Ireland's blithe like-so-ums in Act I are interspersed with bursts of thoughtfulness, revelations of despair and something like intelligence inside her, only to be plastered over again with the need for distraction, the need to ignore anything serious.
With Ireland, this lack of seriousness projects a shield-like protectiveness. Marie’s frantic revelation to Fersen that she was accosted at the Assembly by a man clad in black, who told her that what she’s now experiencing is nothing, and all this is but a “preamble to your suffering,” is reflected on in a moment of horror before Ireland slaps on a smile, offering Fersen chocolate.
|"I've been having nightmares." A late Act I revelation with Marie and Fersen.
As Act I goes on, however, it becomes impossible for her to continue in ignorance. And by Act II, Marie is forced to shift gears, trading macarons for poorly thought out escape plans and ciphers.
Adjmi’s script is often quick, quipping, biting or sarcastic or otherwise short. At times, it becomes too repetitive, circling around the same themes without offering anything additional to the audience.
Towards the end of Act II, however, the scenes get longer and more introspective, finally avoiding the glossy cover-ups from Act I to confront the revolution (and the philosophical arguments contained within) for better or worse.
While Act II contains the bulk of the fantastic character scenes in which this cast truly shined, it also tends to drag under the weight of mishmash historical events and increasingly philosophical dialogue that sometimes feels too hamfisted to be successful. I think the script actually benefited from the reading-style production in this respect; dialogue that felt too heavy or when spoken on stage seems to flow better when all we have is an intimate shoulders-up view.
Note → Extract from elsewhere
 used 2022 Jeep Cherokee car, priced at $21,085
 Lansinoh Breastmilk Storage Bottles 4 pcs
The final scenes of Marie Antoinette in prison with only another character (a Revolutionary, a Sheep, and a dream sequence Fersen, in that order) are the most cerebral and contain some of Adjmi's best dialogue.
Solitude in prison makes Marie chatty, thoughtful, desperate. Ireland plays off well against Pullen's fervent Revolutionary, Greenspan's bizarre and eventually nightmarish sheep, and Stack's deceptively pitying dream!Fersen/Executioner.
It's in these final scenes that the play's call to action hits home.
Does it matter that Marie longs nostalgically for the whimsical version of her childhood home? Does it matter that she was neglected by her mother and married off at 14? Does it matter that Marie feels trapped, pressured, caged in by the world that has made her?
In one of the play's last scenes, in which the Revolutionary is cutting her hair in preparation for her execution, he tells the now captive former queen, who is complaining about lice and scissor cuts on her scalp:
"Poor thing. You act like everything's hurt you and everyone's used you and you're just some sweet sunburnt girl at the beach. You won't look at reality."
The line is both a metaphor for Marie's obliviousness throughout the play (she complains about a gilded cage, while others tell her people are starving) and a meta take on the Marie Antoinette mythos itself, where the titular queen is often painted in pastel colors while the political realities underneath are ignored or glossed over.
"I wasn't raised," Marie desperately tells the Revolutionary towards the end of the play in a bid to make him understand her, as much as it is an last-ditch attempt to understand herself--and as much as it is directed towards the audience, letting us know that Marie is not a fully realized being.
"I was built."
Marie Antoinette is available on demand through August 9th.